(Feb. 7) In case anyone woke up this morning wondering whether a can of coffee bought from a machine can come out hot, the answer is, “Yes.” Whether Japanese bikes have the same kind of built-in sliding half-circle lock as the bikes in Salzburg? Yet again, “Yes.” Is there a Chinatown in Tokyo? You guessed it. Do some Japanese cafes serve pesto and play Charlie Parker recordings? They do. Do some mothers ride bikes with a baby strapped to their chest and another kid behind them? I have photos to prove it.
And I know you’ve all been curious about the plastic bag situation in Tokyo. Are there too many? Yes, there are. Did one restaurant offer whale meat? Sadly, that’s a yes.
Is it really true that the school year ends in February and begins again in March just a couple of weeks later? And that teachers only get four or five days off between the two years? Apparently, that is a yes. And come on, is there really a festival to bless sewing needles by sticking them in tofu? There is.
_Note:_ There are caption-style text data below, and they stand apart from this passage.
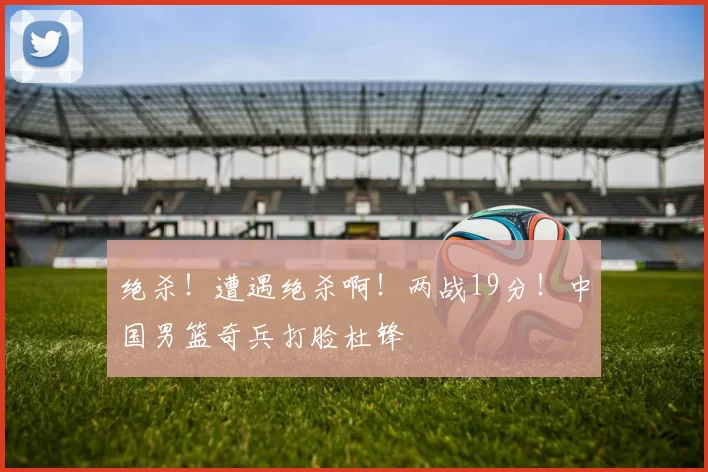 绝杀!遭遇绝杀啊!两战19分!中国男篮奇兵打脸杜锋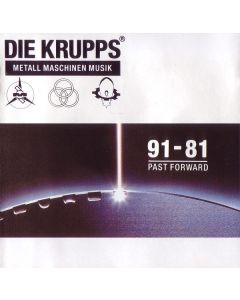 Die Krupps - Metall Maschinen Musik · 91-81 Past Forward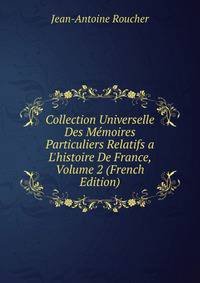 Collection Universelle Des M?moires Particuliers Relatifs a L'histoire De France, Volume 2 (French Edition)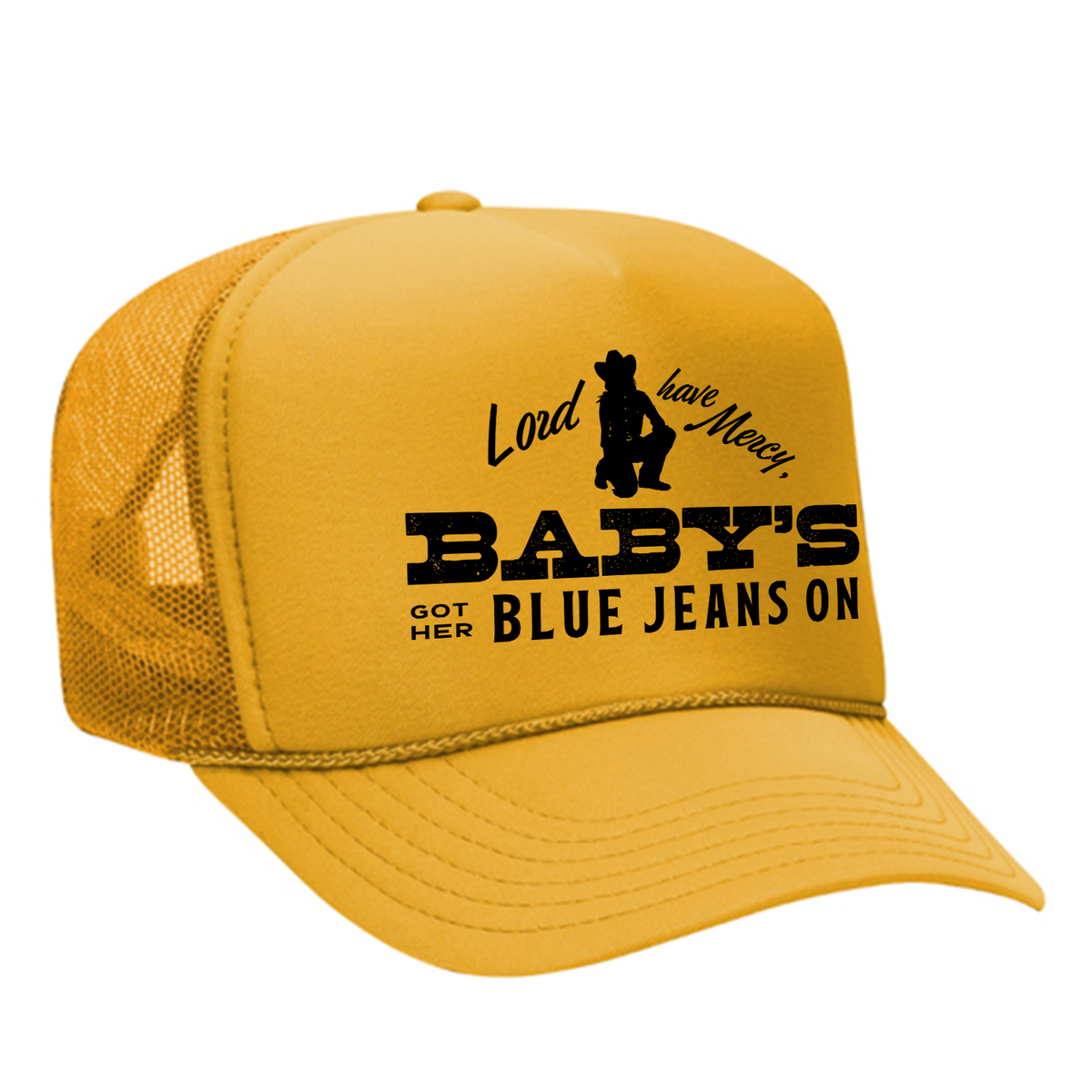 Baby's Got Her Blue Jeans On Foam Trucker Hat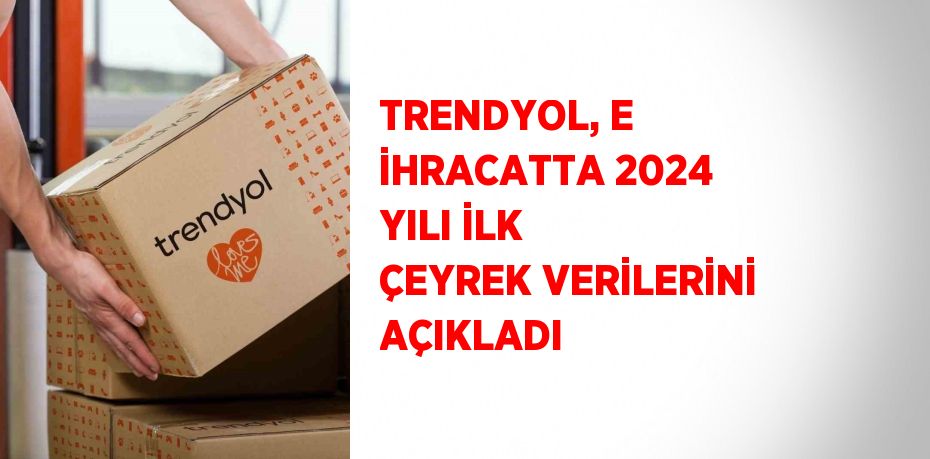 TRENDYOL, E İHRACATTA 2024 YILI İLK ÇEYREK VERİLERİNİ AÇIKLADI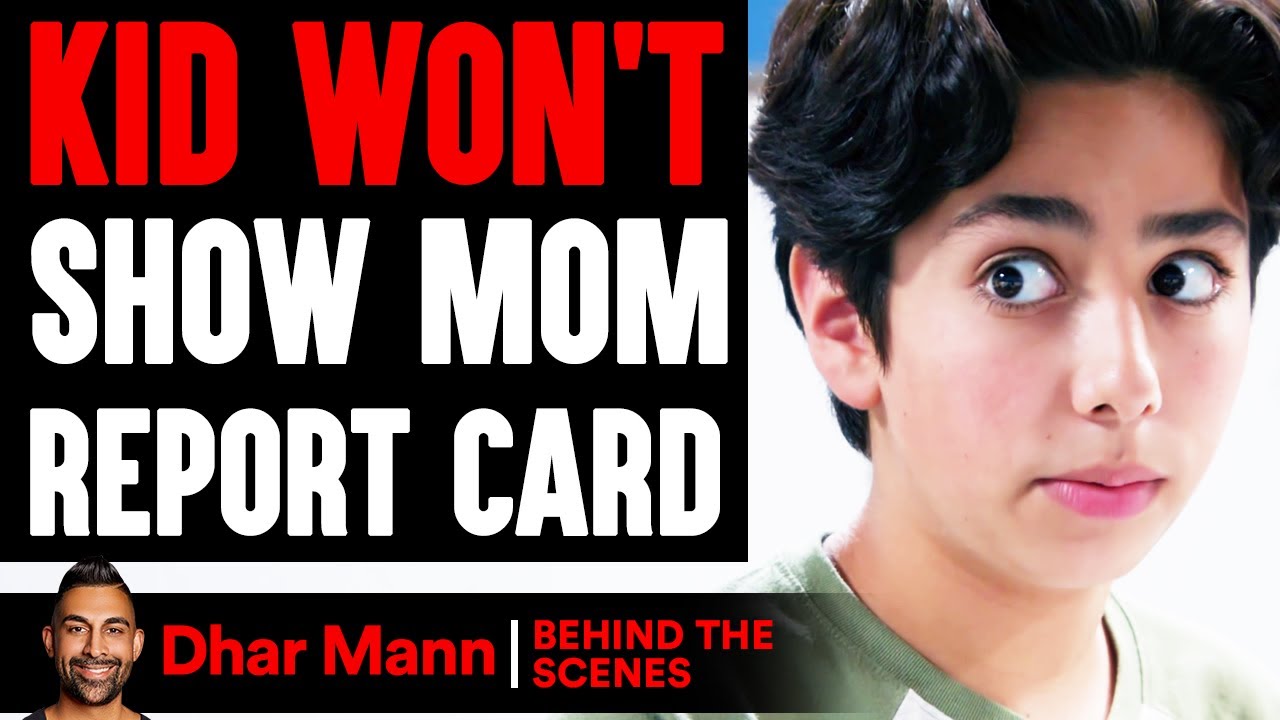 Kid WON'T SHOW MOM Report Card (Behind The Scenes) | Dhar Mann Studios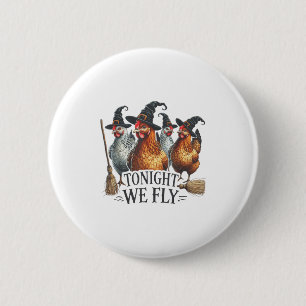 Vanavond vliegen we grappige heksenkip Halloween K Ronde Button 5,7 Cm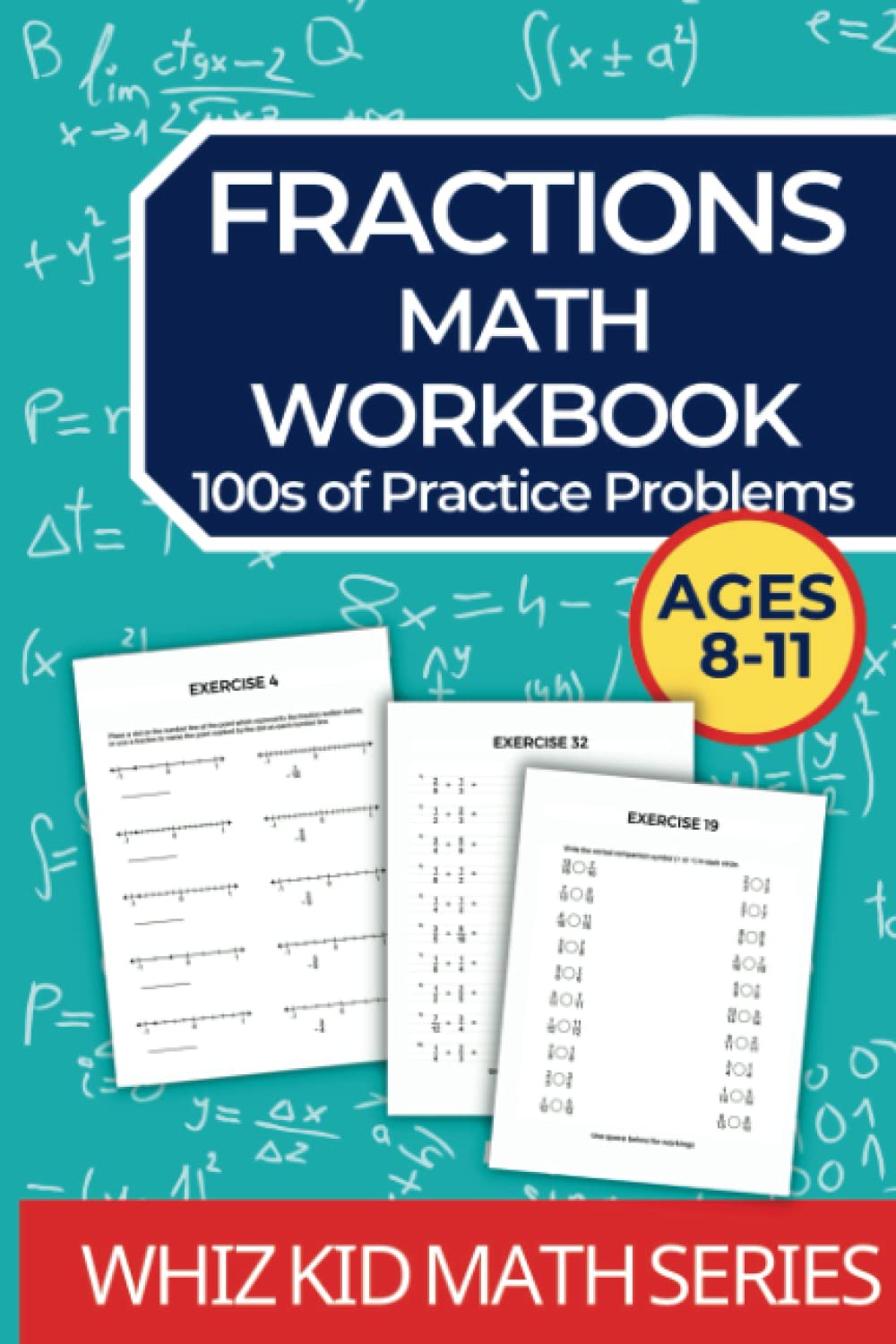 Fractions Math Workbook for Ages 8 up: 100s of Questions to Master Fractions with Ease. VOLUME 1 (Whiz Kid Math Series)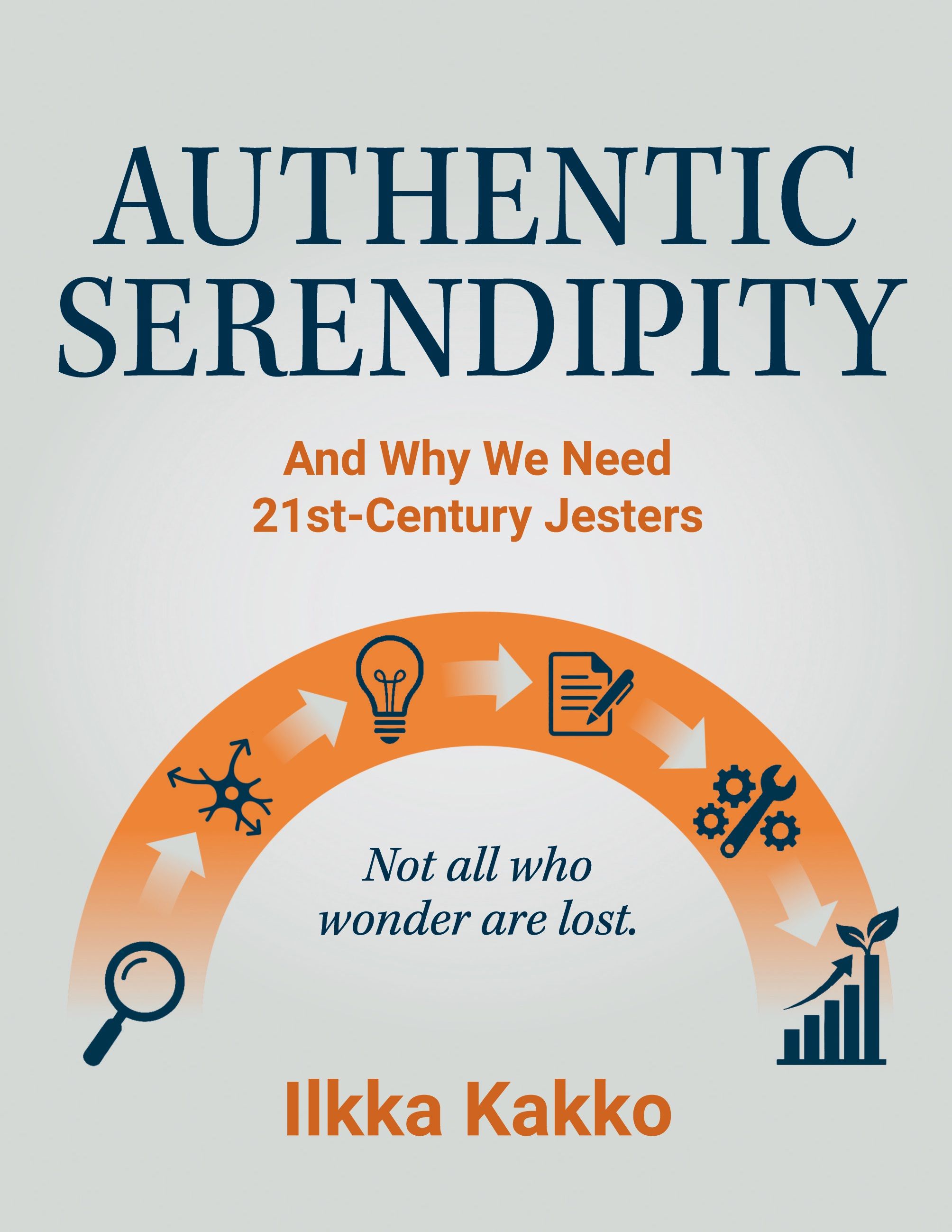 Authentic Serendipity - and Why We Need 21st - Century Jesters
On another note, if you ever need to know whether a Niji pen can go through a laundry wash cycle and still write, I can report, “Yes.” (But not before some ink gets released into the cap that will then stain your hands.) And while we’re reaching beyond Japan here, might as well throw in this forgotten tidbit from Korea. Apparently, everyone’s age advances one year at the Korean New Year (Jan. /Feb.) instead of on their birthday. Thus, a baby born in December will turn two a couple of months later!
And speaking of birthdays. Back around 32 years and 40 pounds lighter ago, I finished a year-long trip around the world in Tokyo on my birthday, turning 28 on July 28th. I have a photo of me blowing out a candle stuck in a donut in a Tokyo park (wonder which one?). That same day, we flew home to San Francisco and crossed the International Dateline and I had my birthday twice. One of those little-big-moments that I’ll always remember.
So farewell to the all the subway lines and a large-hearted domo arigato go sai mas to Tokyo, my wonderful hosts and students and friends, the Ryokan owners, Japanese baths, udon noodles and the legacy of Zen Buddhism. And on to India, where it all began.